The PCE deflator rose 1.0% in June, the fastest pace of monthly growth since September 2005. Excluding food and energy prices, the PCE deflator increased 0.6% in June, the most since May 2021. Overall, the PCE deflator has risen 6.8% year-over-year, the strongest increase since January 1982. Core inflation has increased 4.8% over the past 12 months, inching up from 4.7% in the prior release but down from 5.3% in February, which was the strongest since April 1983.
Core inflation should continue to moderate over the coming months, largely on more favorable comparison months. But core inflation should remain highly elevated and above the Federal Reserve’s stated goal of 2% over the long term. The current outlook is for the core PCE deflator to be 3.8% year-over-year in December.

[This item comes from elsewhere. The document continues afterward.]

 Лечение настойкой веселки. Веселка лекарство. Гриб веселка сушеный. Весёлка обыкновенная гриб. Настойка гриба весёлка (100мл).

As expected, the Federal Open Market Committee increased the federal funds rate by 75 basis points at the conclusion of its July 26–27 meeting, with the current range now at 2.25% to 2.50%. To put that in perspective, the range was 0% to 0.25% at the start of the year. The Federal Reserve continued to hike rates in an attempt to combat inflation, even as it sees signs of some softening in the economy.
There will likely be another 50-basis-point rate hike (or more) at the Sept. 20–21 FOMC meeting. Further increases—including at the Nov. 1–2 and Dec. 13–14 meetings—will hinge on incoming price and macroeconomic growth data.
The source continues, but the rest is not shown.